Depuis 2019, Simone et les philosophes est un micro-laboratoire hybride, à la vocation indissociablement pédagogique et exploratoire. Il s’agit d’y travailler à partir de ces postulats, qui résultent eux-même d’un certain nombre de recherches antérieures :

  • La pensée devient philosophique là où elle ne cherche plus à avoir raison. Au lieu de l’assujettissement ordinaire de la pensée au désir de valider une thèse et d’asseoir son autorité, nous voulons penser à partir de ce qui est traditionnellement réprimé, dévalorisé, ignoré, méprisé, refoulé, dénié, ne serait-ce que pour obtenir gain de cause. Aussi se donne-t-on ici comme projet de repenser pour lui-même ce réel que notre tradition a subordonné au pouvoir de la Raison et d’une promotion de l’homme dominant : les sentiments, l’imagination, le féminin, la domesticité, la nature, le corps, l’enfance, le soin, etc. L’élaboration tâtonnante de cette méthode – apte à accroître notre faculté de comprendre – n’a pas de limites a priori.
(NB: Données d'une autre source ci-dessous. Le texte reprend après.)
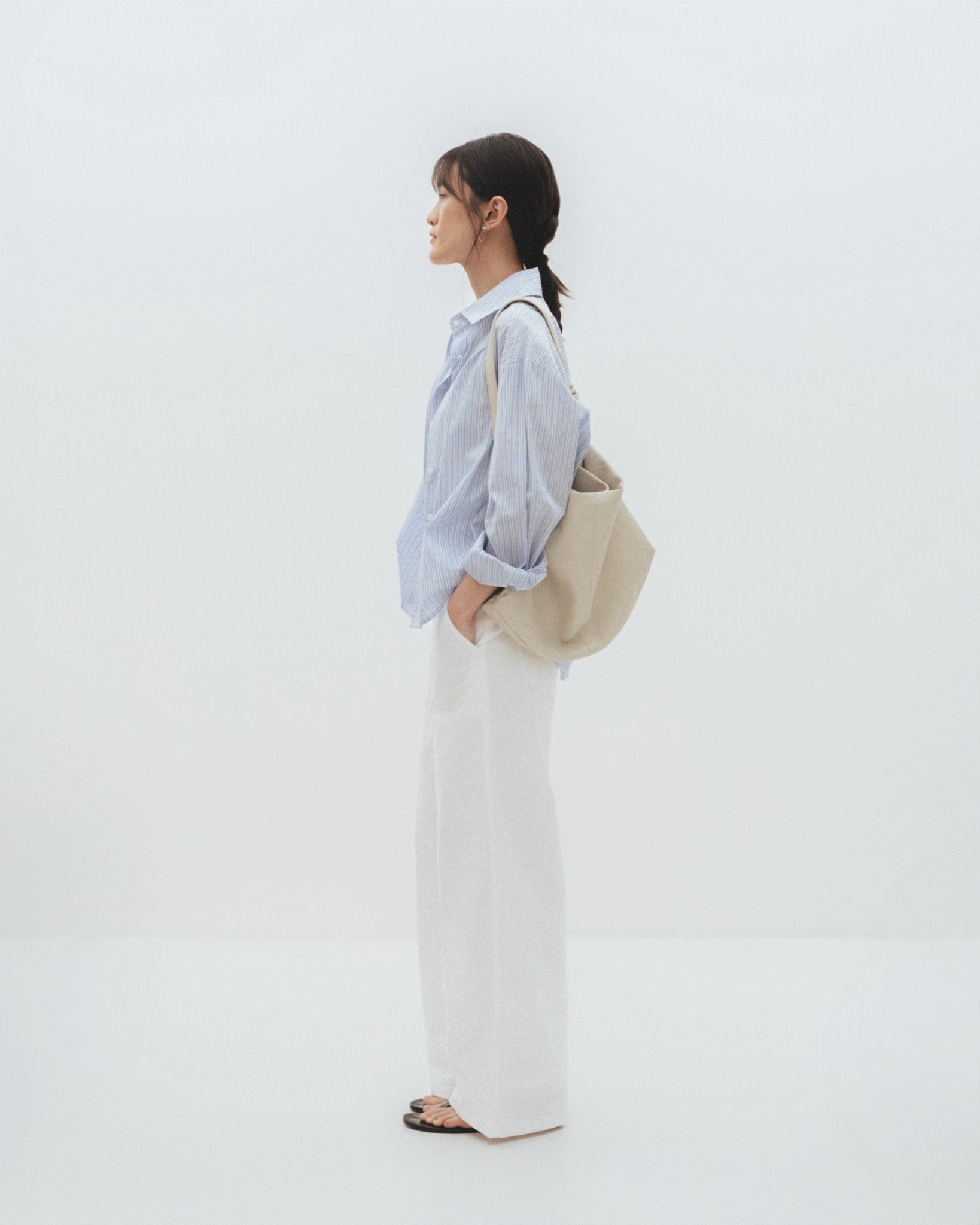 Lumi Straight Trousers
  • L’horizon émancipateur d’une pensée tient dans son exploration d’idées et de méthodes incertaines jusqu’alors empêchées. La revalorisation de l’incertitude et de sa fécondité théorique et pratique – contre le catéchisme patriarcal dont procède si souvent la discipline philosophique – conditionne l’art de penser. L’issue d’une pensée en acte doit être imprévisible. En ce sens, la philosophie mobilise le pouvoir créatif de l’imagination pour mieux comprendre la manière dont nous éprouvons le réel.
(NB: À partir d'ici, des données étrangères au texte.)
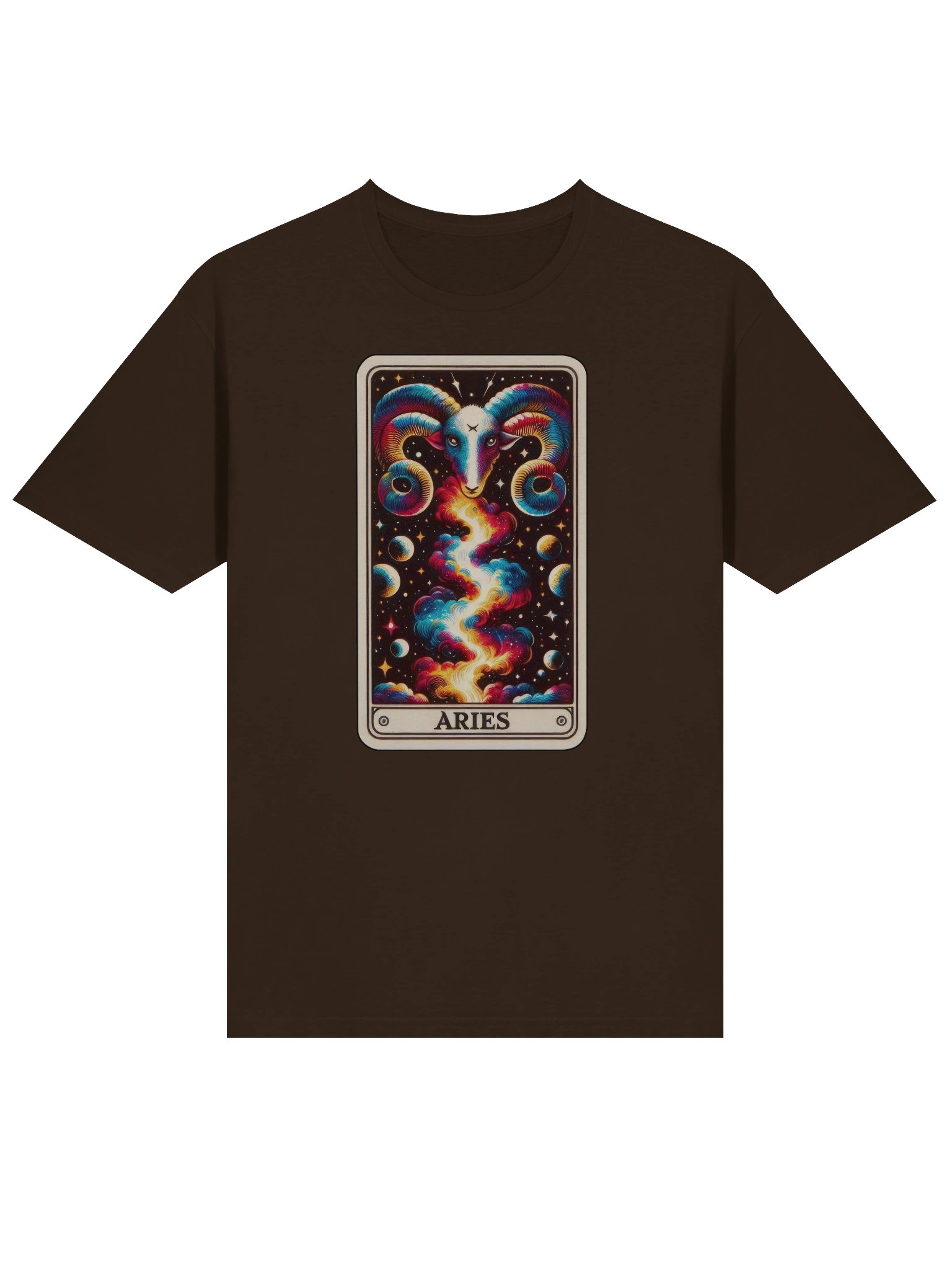 Celestial Aries Ram Unisex T-Shirt product image (3)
  • On ne peut prendre conscience de nos préjugés qu’en comprenant leur lien avec les discours dont nous avons hérités. L’examen de soi passe par l’investigation de ce que nos héritages ont occulté. En ce sens, la tâche de rendre aux penseuses la visibilité et l’intelligibilité jusqu’alors réservées aux penseurs est émancipatrice sous plusieurs aspects. D’abord, parce que l’hospitalité d’une société s’accroît en proportion des différences qu’elle admire dans sa propre culture. D’autre part, parce qu’elle seule permettra aux femmes de développer pleinement leur pensée sans intérioriser les normes masculines jusqu’alors dominantes. Enfin, parce que la relégation de toute altérité intellectuelle suppose et consolide une croyance aussi ordinaire qu’intolérable : celle selon laquelle certains esprits doivent s’en remettre à d’autres – posés comme supérieurs par les normes dominantes – pour penser à leur place. Or, nous affirmons que tout être conscient a besoin de penser sans réprimer sa singularité et que le refoulement de ce besoin engendre des souffrances trop largement masquées et méconnues.
  • Faciliter – le contraire d’appauvrir – la pratique de la pensée par et pour chacun·e, quels que soient son profil, sa timidité, ses inhibitions, sa culture philosophique, ses expériences, ses désirs et ses peurs : telle est l’intention principale de ce que vous découvrirez ici.